WeightedRandomSampler only sampling from one class

shabamee · October 31, 2021, 6:12am

I’m running into an issue where WeightedRandomSampler is only sampling data from one class.

I’ve tried switching it for shuffle=True, and that works just fine, but I need to use weighted sampling since my data is imbalanced.
Here’s the relevant code:

batch_size = 64

transform = torch.jit.script(nn.Sequential(
    RandAugment(num_ops=5, magnitude=10),
    NormalizeImage()
))

sample_count = [len(os.listdir(f"../../data/train_data/{i}")) for i in range(9)]
weights = torch.tensor(sample_count).reciprocal()

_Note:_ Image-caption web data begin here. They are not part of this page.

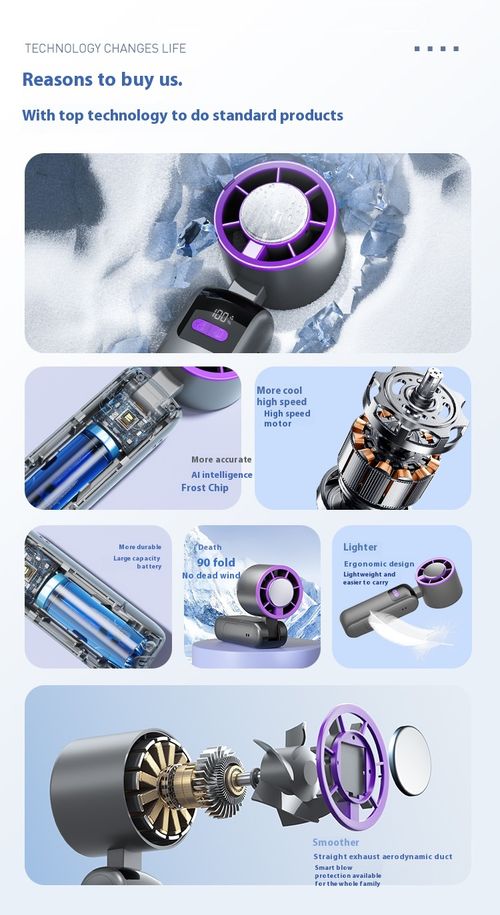 Mini Handheld Ice Cooling Fan | Fast Chill, Digital Screen, USB Rechargeable & Travel-Ready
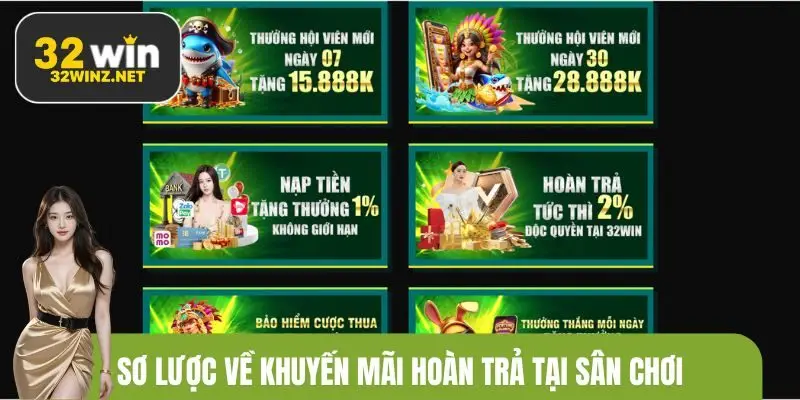 Sơ lược về khuyến mãi hoàn trả tại sân chơi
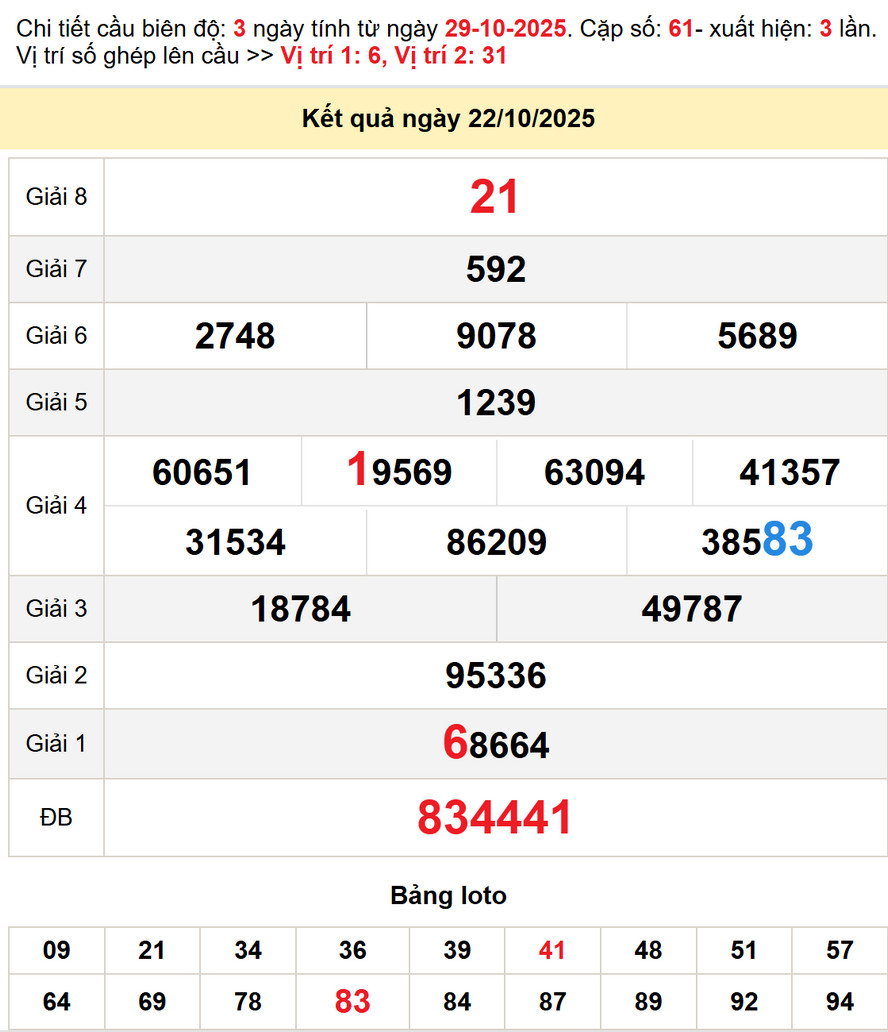 Soi cầu dự đoán xổ số Cần Thơ 29/10/2025 - Kết quả xổ số Cần Thơ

dataset = ImageFolder(root="../../data/train_data/", loader=read_image, transform=transform)
loader = DataLoader(dataset, batch_size=batch_size, sampler=WeightedRandomSampler(weights=weights, num_samples=batch_size), pin_memory=True)

data, labels = next(iter(loader))
data = data.cuda()
labels = labels.cuda()
print(labels)

The output of this is

tensor([0, 0, 0, 0, 0, 0, 0, 0, 0, 0, 0, 0, 0, 0, 0, 0, 0, 0, 0, 0, 0, 0, 0, 0,
        0, 0, 0, 0, 0, 0, 0, 0, 0, 0, 0, 0, 0, 0, 0, 0, 0, 0, 0, 0, 0, 0, 0, 0,
        0, 0, 0, 0, 0, 0, 0, 0, 0, 0, 0, 0, 0, 0, 0, 0], device='cuda:0')

No Bueno

If it’s helpful, my sample_count is

[1025, 964, 931, 922, 962, 909, 974, 916, 8306]

and my weights are

tensor([0.0010, 0.0010, 0.0011, 0.0011, 0.0010, 0.0011, 0.0010, 0.0011, 0.0001])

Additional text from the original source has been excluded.